• _Try it_:
Please copy, exactly as they appear below, the lines from the one containing "4 bedrooms Villa" through the one containing "Le New Jackie Horsebit Flora Gucci".
++++ Task material
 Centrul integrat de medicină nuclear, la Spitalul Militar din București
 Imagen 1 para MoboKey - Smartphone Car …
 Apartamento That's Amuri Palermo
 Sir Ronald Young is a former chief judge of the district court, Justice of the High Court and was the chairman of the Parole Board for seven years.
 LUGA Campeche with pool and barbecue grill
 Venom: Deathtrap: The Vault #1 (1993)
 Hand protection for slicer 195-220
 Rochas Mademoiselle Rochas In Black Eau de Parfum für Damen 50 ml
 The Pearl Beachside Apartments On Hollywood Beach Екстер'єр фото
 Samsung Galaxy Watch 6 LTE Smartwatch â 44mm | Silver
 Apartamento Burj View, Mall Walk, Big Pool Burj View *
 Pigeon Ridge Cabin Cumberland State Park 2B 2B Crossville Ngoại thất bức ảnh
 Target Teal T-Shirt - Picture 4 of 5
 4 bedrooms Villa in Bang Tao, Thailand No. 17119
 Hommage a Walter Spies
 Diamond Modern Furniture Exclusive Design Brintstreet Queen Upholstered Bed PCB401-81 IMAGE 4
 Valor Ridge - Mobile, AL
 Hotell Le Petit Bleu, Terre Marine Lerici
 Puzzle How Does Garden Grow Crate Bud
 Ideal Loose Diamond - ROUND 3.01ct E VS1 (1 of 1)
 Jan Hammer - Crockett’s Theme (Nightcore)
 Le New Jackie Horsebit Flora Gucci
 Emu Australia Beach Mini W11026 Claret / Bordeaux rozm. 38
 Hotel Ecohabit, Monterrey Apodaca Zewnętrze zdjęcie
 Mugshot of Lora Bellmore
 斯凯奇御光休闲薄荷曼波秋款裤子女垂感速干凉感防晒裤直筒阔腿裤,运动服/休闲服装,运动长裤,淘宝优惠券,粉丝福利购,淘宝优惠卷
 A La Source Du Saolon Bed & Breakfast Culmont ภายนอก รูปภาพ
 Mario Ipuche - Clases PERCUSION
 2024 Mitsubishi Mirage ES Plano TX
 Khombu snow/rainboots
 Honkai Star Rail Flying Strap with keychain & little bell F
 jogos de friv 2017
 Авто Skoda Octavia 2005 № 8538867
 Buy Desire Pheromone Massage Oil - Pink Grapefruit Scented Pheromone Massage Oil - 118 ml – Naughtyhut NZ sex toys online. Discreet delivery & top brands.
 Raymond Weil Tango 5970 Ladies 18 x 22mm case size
++++++++
• _Result of the exercise_:
 4 bedrooms Villa in Bang Tao, Thailand No. 17119
 Hommage a Walter Spies
 Diamond Modern Furniture Exclusive Design Brintstreet Queen Upholstered Bed PCB401-81 IMAGE 4
 Valor Ridge - Mobile, AL
 Hotell Le Petit Bleu, Terre Marine Lerici
 Puzzle How Does Garden Grow Crate Bud
 Ideal Loose Diamond - ROUND 3.01ct E VS1 (1 of 1)
 Jan Hammer - Crockett’s Theme (Nightcore)
 Le New Jackie Horsebit Flora Gucci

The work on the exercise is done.